Еще одна проблема — контроль протестов. Вероятно, что даже если в работе государства будут серьезные нарушения, правительство все равно поставит в приоритет выплаты силовикам. Однако силы этих ведомств могут быть слишком распылены, если им потребуется эффективно подавлять демонстрации в самых разных местах (в том числе в Беларуси и Украине) в течение длительного времени. За первые дни войны по всей России на антивоенных протестах были задержаны более 15 тысяч человек. Почти 80% из них задержали в Москве и Санкт-Петербурге, но в целом задержания происходили более чем в 140 городах. Есть серьезные сомнения, что власти смогут продолжать в том же духе, если протесты продолжатся.
Обратная сторона
Есть серьезные причины, почему Кремль может принять решение об отмене выборов. Однако даже в современной России это может стать радикальным шагом, который несет различные риски.
Выборы имеют значение даже в авторитарных режимах. Для властей они имеют функцию легитимизации. Это происходит двумя способами. Результаты могут демонстрировать мощь правящей партии или провластного кандидата по сравнению с другими (даже если административные манипуляции и фальсификации переоценивают их силу), что принуждает людей адаптировать свои взгляды, чтобы они соответствовали взглядам «большинства». Они также могут продемонстрировать способность властей добиваться желаемых результатов, даже если они не отражают реальную поддержку. Это деморализует и демотивирует оппозицию. С тех пор как в 2012 году в России вернули прямые выборы губернаторов, их новая отмена никогда не обсуждалась всерьез. Даже в прошлогодней реформе государственного управления, которая значительно усилила доминирование президента и федерального правительства над губернаторами, не предполагалось отменить выборы. Возможно, так губернаторы будут заинтересованы в том, чтобы проводить политику и создавать структуры, которые надежно обеспечивают голосование за правящую партию.

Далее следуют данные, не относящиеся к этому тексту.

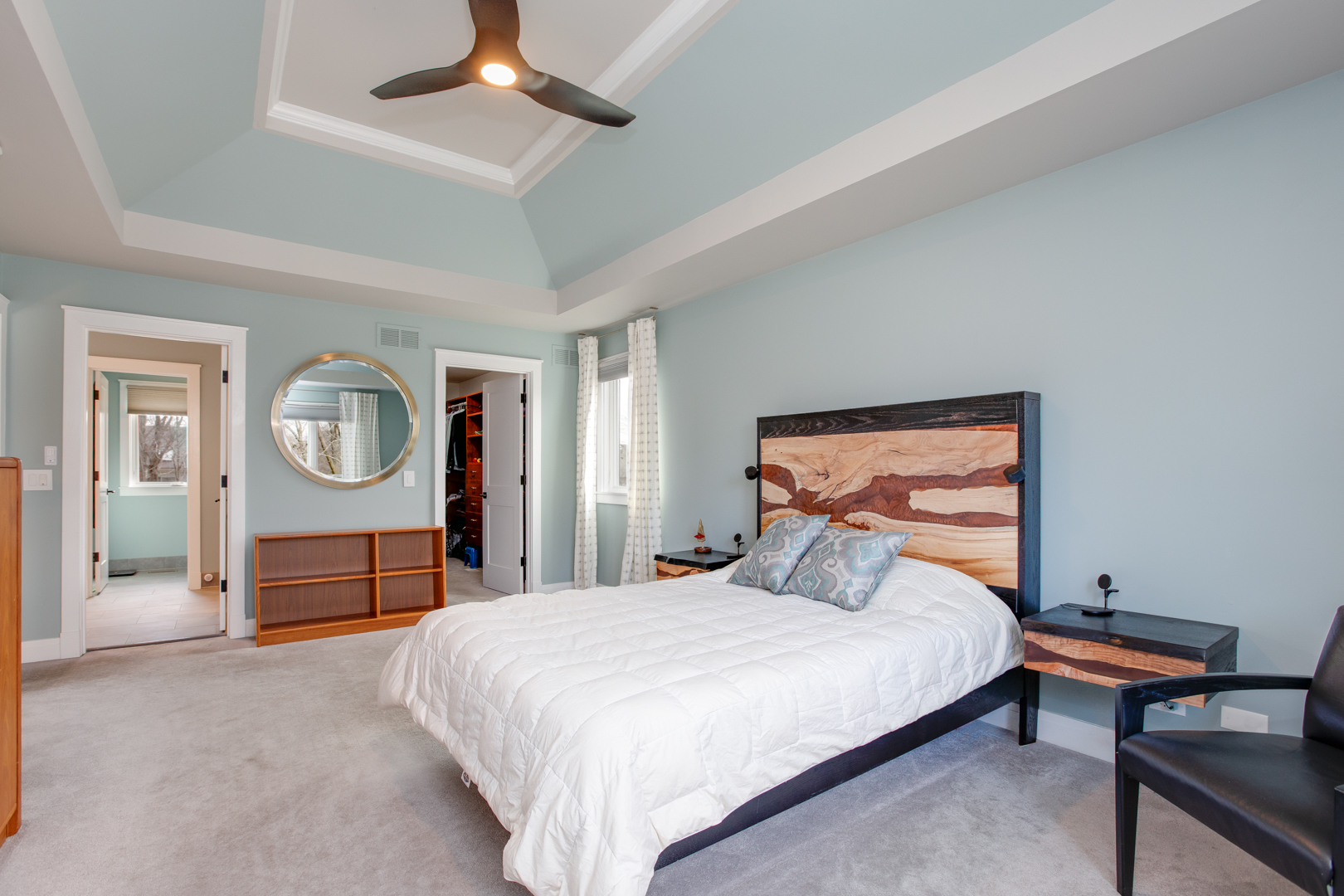 828 Sanctuary Lane Naperville, IL 60540 - Photo 13 of 28 a bedroom with a bed and a chandelier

Однако выборы важны и для избирателей: даже если они не приводят к смене власти, избиратели все равно могут использовать их, чтобы подавать сигналы властям, которые чаще всего знают реальный результат. Это произошло в России в 2018 году, когда сочетание непопулярной пенсионной реформы и местных проблем привело к четырем неожиданным победам оппозиции на губернаторских выборах. Этим эффектом попыталась воспользоваться кампания «Умного голосования» Навального. По данным опроса Carnegie Moscow, даже в 2021 году россияне рассматривали выборы как важный способ подавать политические сигналы. Без выборов общественное недовольство в Москве и регионах наверняка будет искать другой выход.
Наконец, отмена или перенос выборов — всегда радикальное решение, которое отражает серьезные проблемы. Власти не пошли на это в 2021 году, даже когда Россия переживала самые смертоносные месяцы пандемии коронавируса, а выживание «Единой России» стояло под серьезным вопросом. В этот раз подобное решение может быть расценено как признак того, что несмотря на увещевания правительства, далеко не все находится под контролем, а российская война против Украины — не «спецоперация», ограниченная по масштабам. И это произойдет еще до того, как до избирателей докатятся все масштабы экономических последствий. В некотором роде это могут оценить как признак слабости, признание, что контроль федерального правительства над государственным управлением ослабевает. Элиты почти наверняка это заметят. Вероятно, и граждане не оставят это без внимания.